= TASK INSTRUCTIONS =
Please, starting at the line that contains "Заглушка бампера Приора", reproduce every line exactly until the records run out, skipping all pictures.

[Start of Attachment]

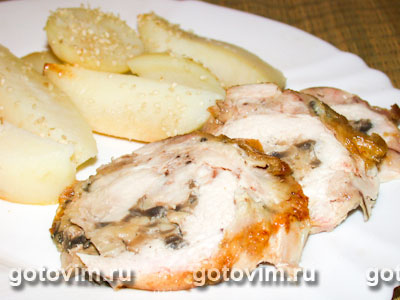 Куриный рулет с грибами, сыром и орехами. Фото-рецепт
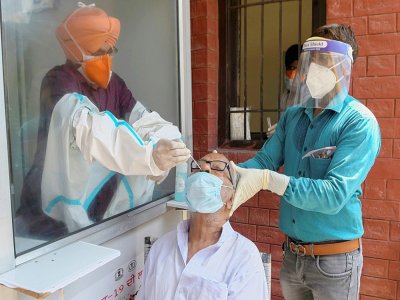Les autorités sanitaires recueillent un échantillon d'écouvillon nasal d'un indien dans un hôpital civil à Amritsar le 24 août 2020 - NARINDER NANU [AFP]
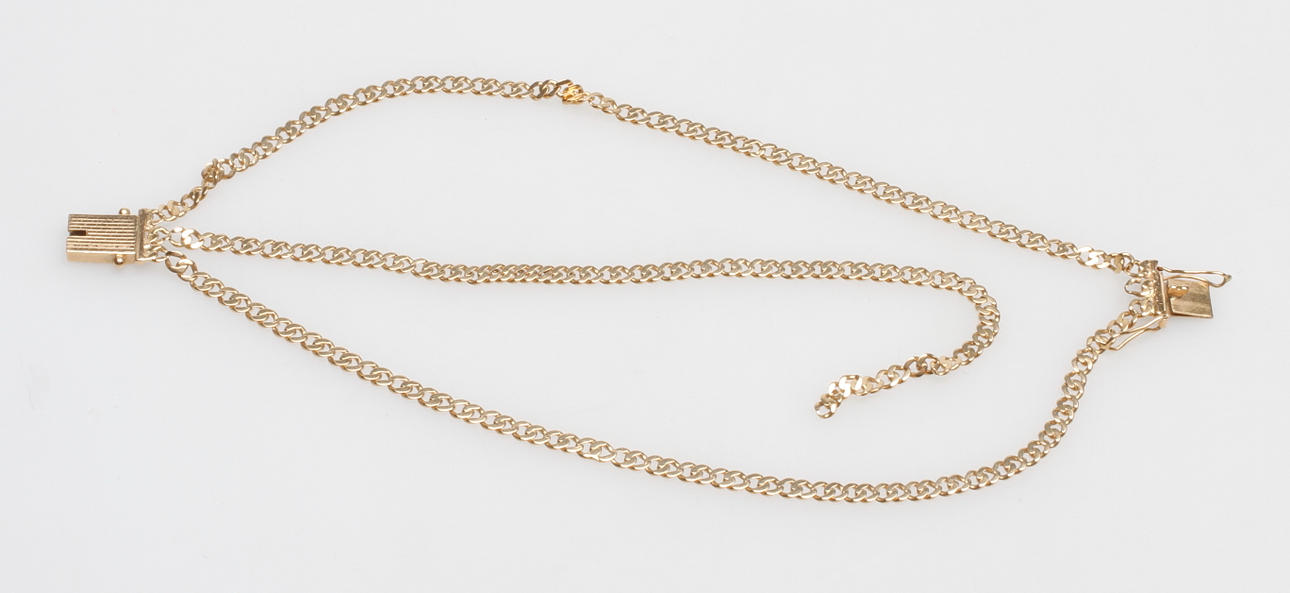 ARMBAND, 18k guld, vikt ca 18,8 gr.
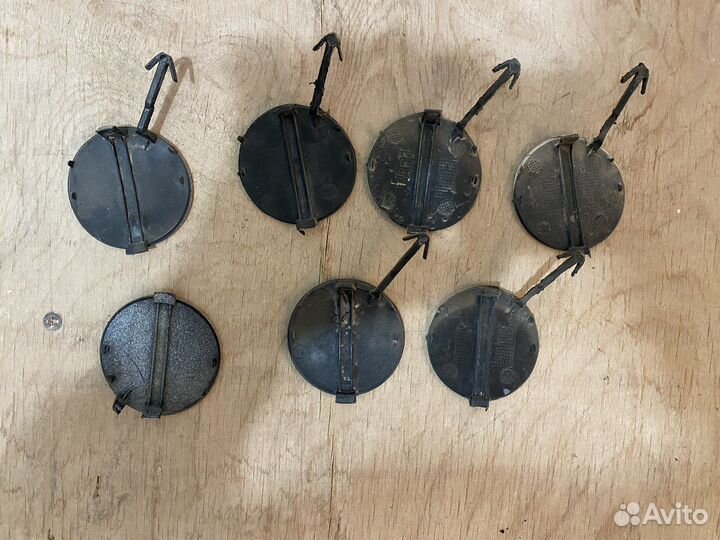 Заглушка бампера Приора под буксирную проушину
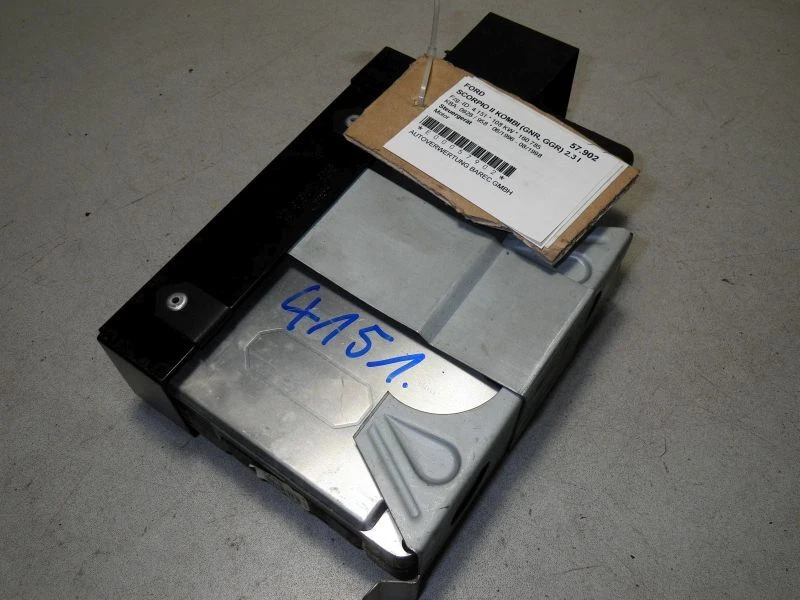 CENTRALINA Ford Scorpio II (GNR) Combi 2.3i 16V (Y5A(SEFI)) 96GP12A650CD - Immagine 1 di 1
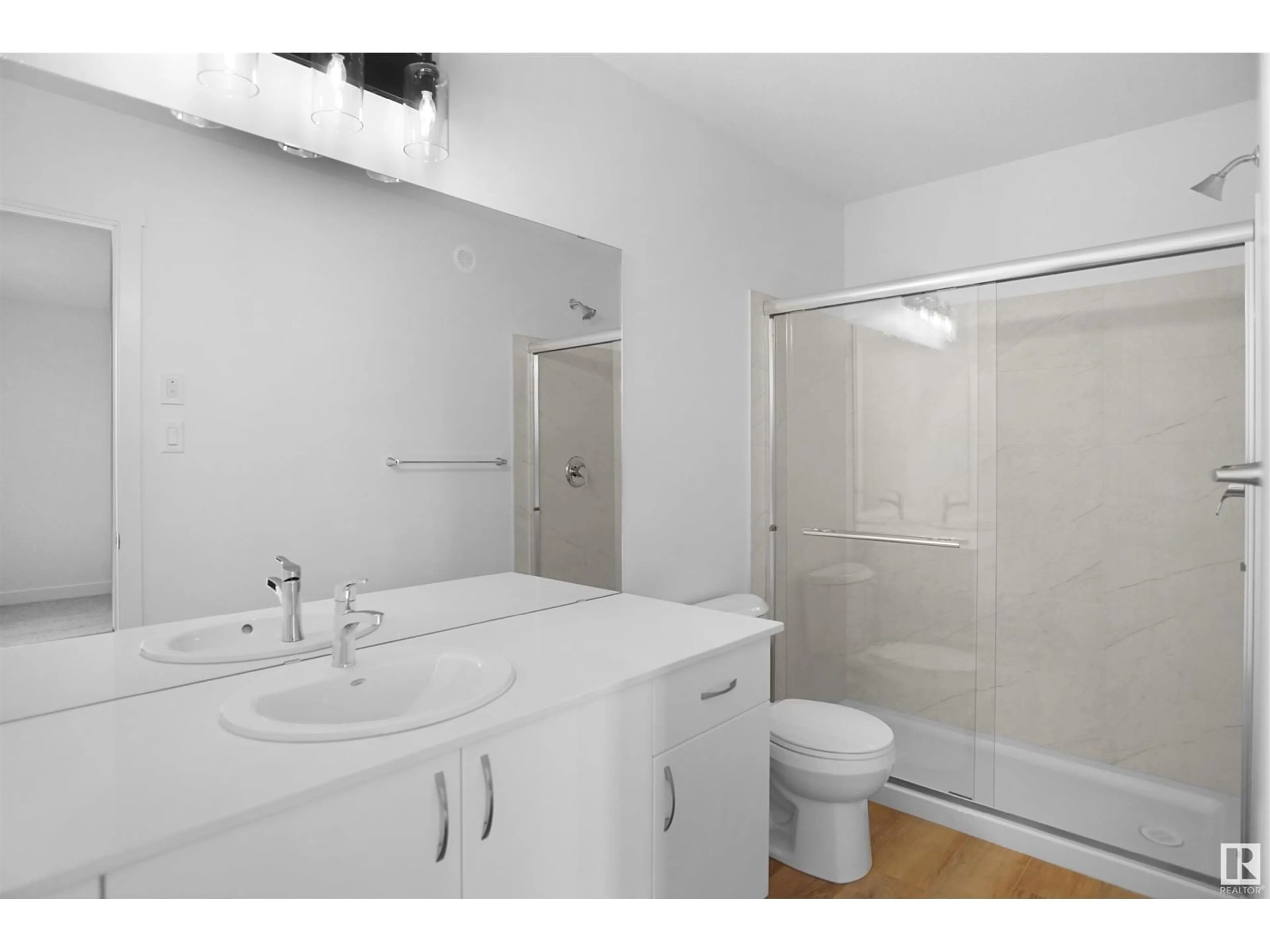 Standard bathroom for 111 COPPERHAVEN DR, Spruce Grove Alberta T7X0Y6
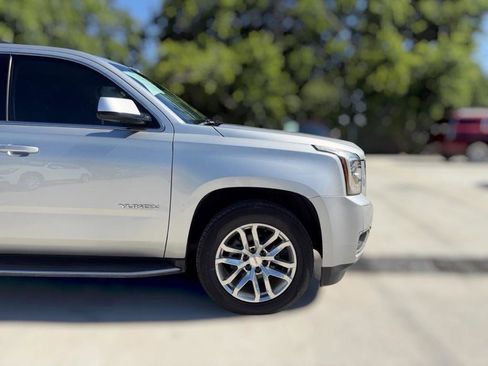 Used 2017 GMC Yukon SLT RWD image 7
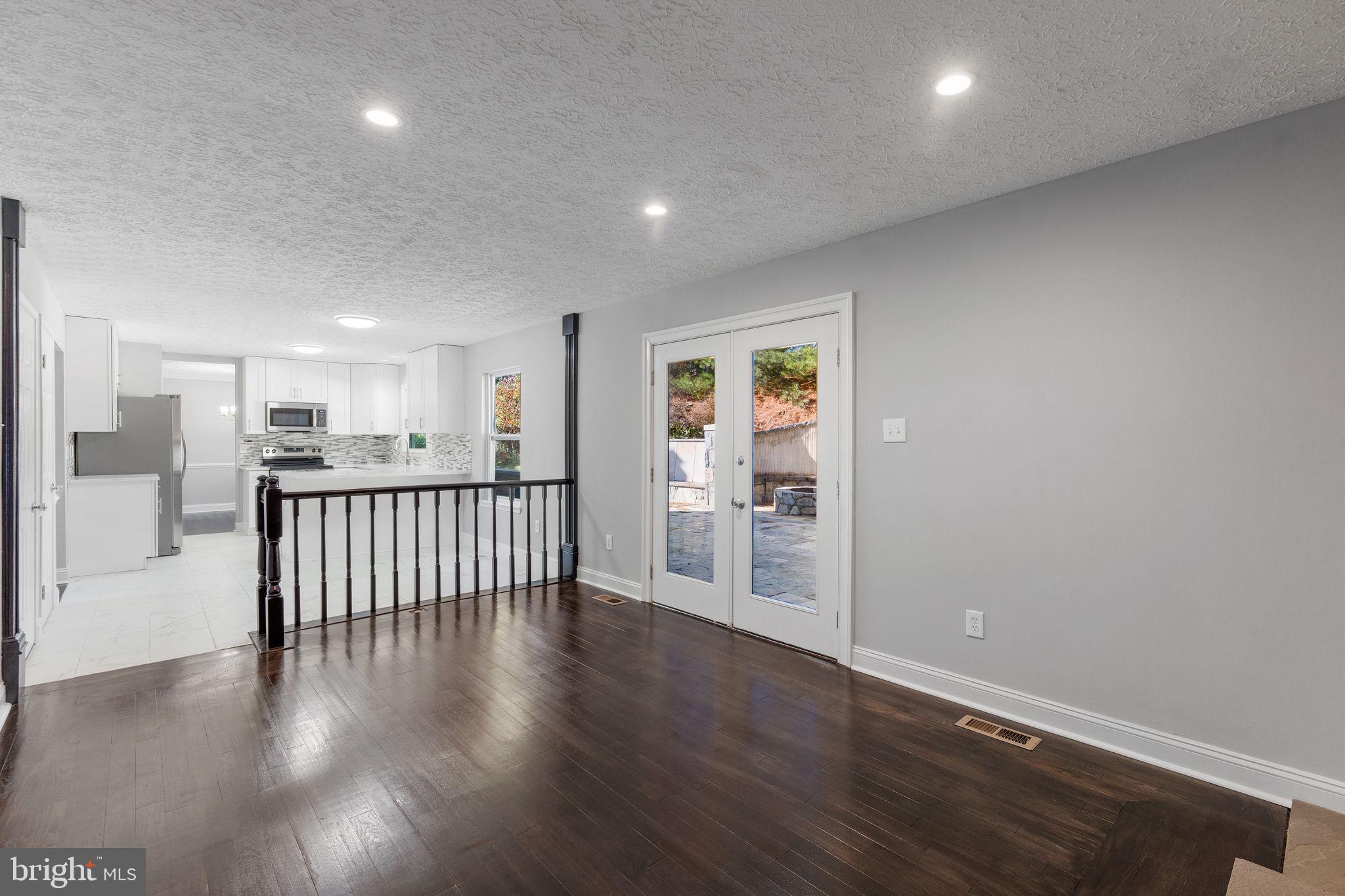 TANGLEWOOD - Residential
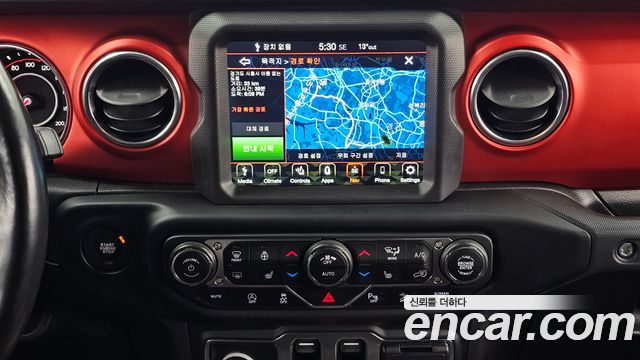 Jeep Wrangler 2020 — photo 20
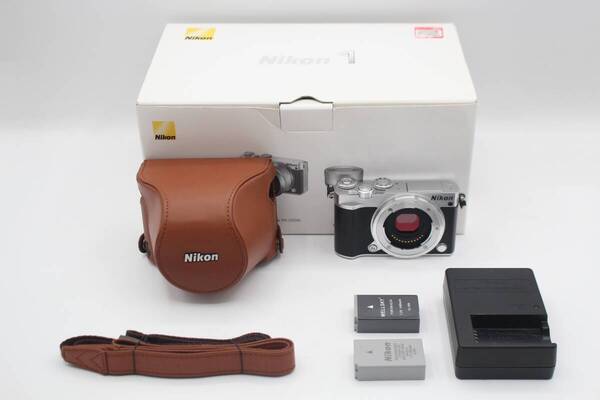 送料無料◆Nikon ニコン 1 J5 ボディ◆シャッター回数5535回のみ♪0663-0425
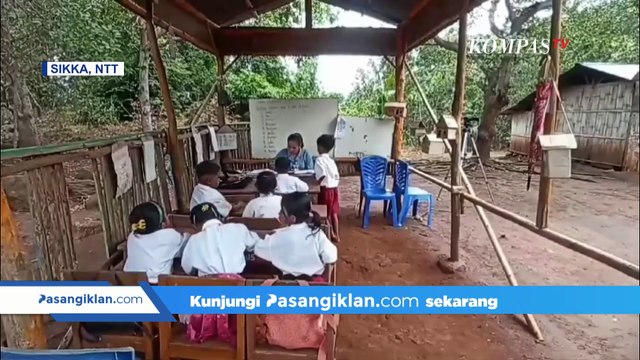 Guru Honorer Digaji Rp300.000 , Harus Mengajar Lewati Hutan 6 Km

[End of Attachment]

= RESPONSE TO THIS TASK =
 Заглушка бампера Приора под буксирную проушину
 CENTRALINA Ford Scorpio II (GNR) Combi 2.3i 16V (Y5A(SEFI)) 96GP12A650CD - Immagine 1 di 1
 Standard bathroom for 111 COPPERHAVEN DR, Spruce Grove Alberta T7X0Y6
 Used 2017 GMC Yukon SLT RWD image 7
 TANGLEWOOD - Residential
 Jeep Wrangler 2020 — photo 20
 送料無料◆Nikon ニコン 1 J5 ボディ◆シャッター回数5535回のみ♪0663-0425
 Guru Honorer Digaji Rp300.000 , Harus Mengajar Lewati Hutan 6 Km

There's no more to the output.